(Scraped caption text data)
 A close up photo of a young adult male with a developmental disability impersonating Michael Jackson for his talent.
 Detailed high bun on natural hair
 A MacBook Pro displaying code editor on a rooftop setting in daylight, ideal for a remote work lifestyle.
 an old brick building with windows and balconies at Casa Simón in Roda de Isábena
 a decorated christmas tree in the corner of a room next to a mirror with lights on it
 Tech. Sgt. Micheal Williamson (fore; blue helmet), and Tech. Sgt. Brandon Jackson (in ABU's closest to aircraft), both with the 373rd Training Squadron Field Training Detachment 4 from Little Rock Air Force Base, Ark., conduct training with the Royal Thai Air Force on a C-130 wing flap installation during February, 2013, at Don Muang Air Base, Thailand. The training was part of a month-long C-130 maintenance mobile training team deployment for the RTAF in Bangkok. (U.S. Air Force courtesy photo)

#### Exercise prompt:
Using the data above, repeat exactly the lines that begin at the line with "A MacBook Pro" and end at the line with "a decorated christmas", both ends included.

#### Answer space:
 A MacBook Pro displaying code editor on a rooftop setting in daylight, ideal for a remote work lifestyle.
 an old brick building with windows and balconies at Casa Simón in Roda de Isábena
 a decorated christmas tree in the corner of a room next to a mirror with lights on it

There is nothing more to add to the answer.